The Highland pony is an ancient breed, although there have at times been other breeds introduced into their breeding - including Arab, Clydesdale and Percheron to make them larger and stronger. They have had many roles throughout history, including logging, carrying stags for the shooting parties and going to war.
Yellow dun Highland pony
They have also been favoured by the Royal families down through the years:
Queen Victoria talks about riding Highland ponies. In "Life in the Highlands" the Queen describes a September day in 1842 when she and Prince Albert were the guests of the Duke of Atholl at Blair Castle: "We set off on ponies to go up one of the hills, Albert riding the dun pony and I the grey, attended only by Sandy McAra in the Highland dress.
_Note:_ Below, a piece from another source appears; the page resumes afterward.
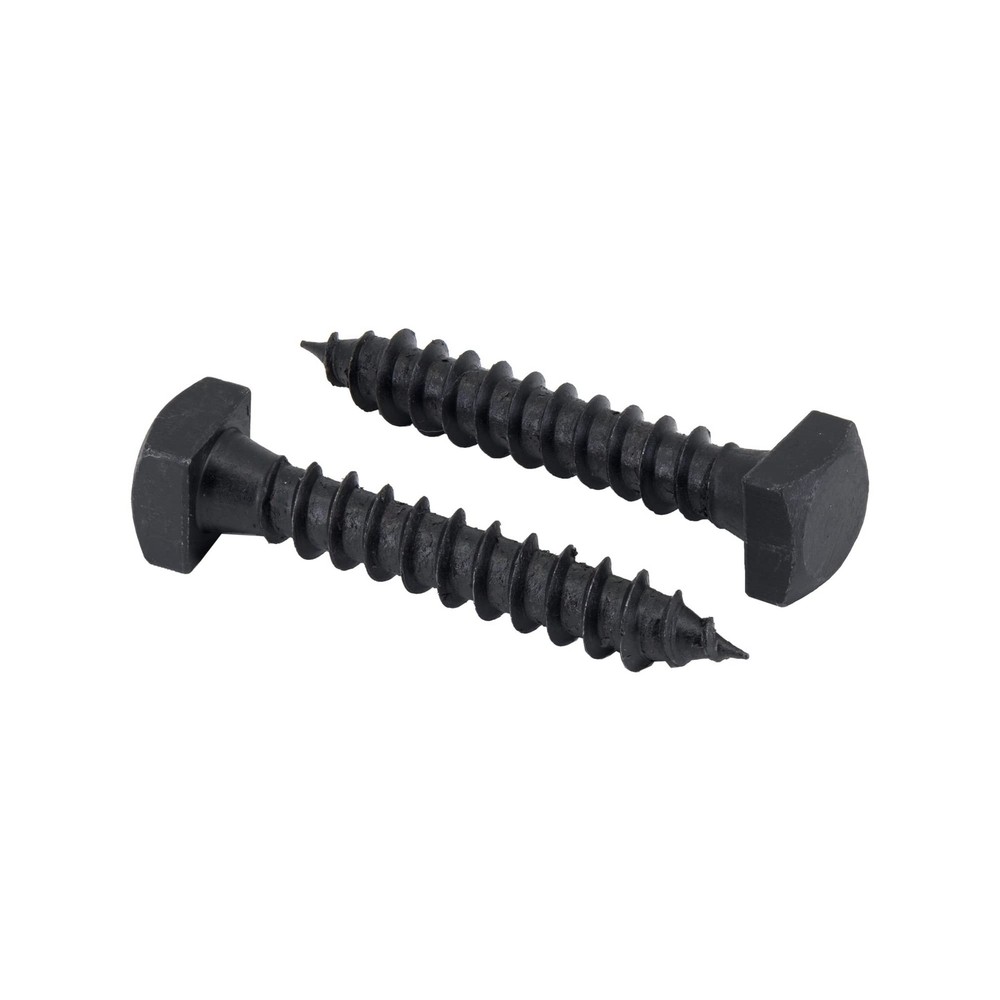 Rustic Square Lag Screws, Ruspert Weatherproof Coating, Black Exterior Lag Bo…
We went out the back way across the ford, Sandy leading my pony and Albert following closely, the water reaching above Sandy's knees"
Queen Elizabeth II is patron of the Highland pony society and In 2007 she opened a full-time Highland pony stud at Balmoral. One of her ponies won its class at the Royal Highland show in 2010. She is also often seen riding Highland ponies around the estate.
Mouse dun Highland pony
However even after all their popularity and hard work they are still on the watch list of British native pony breeds - they are listed as 'at risk'
Dark grey Highland pony
Hopefully their popularity may come back and people will realise how adaptable and fun to ride they are, even for adults, and they will be able to come off the rare breeds watch list.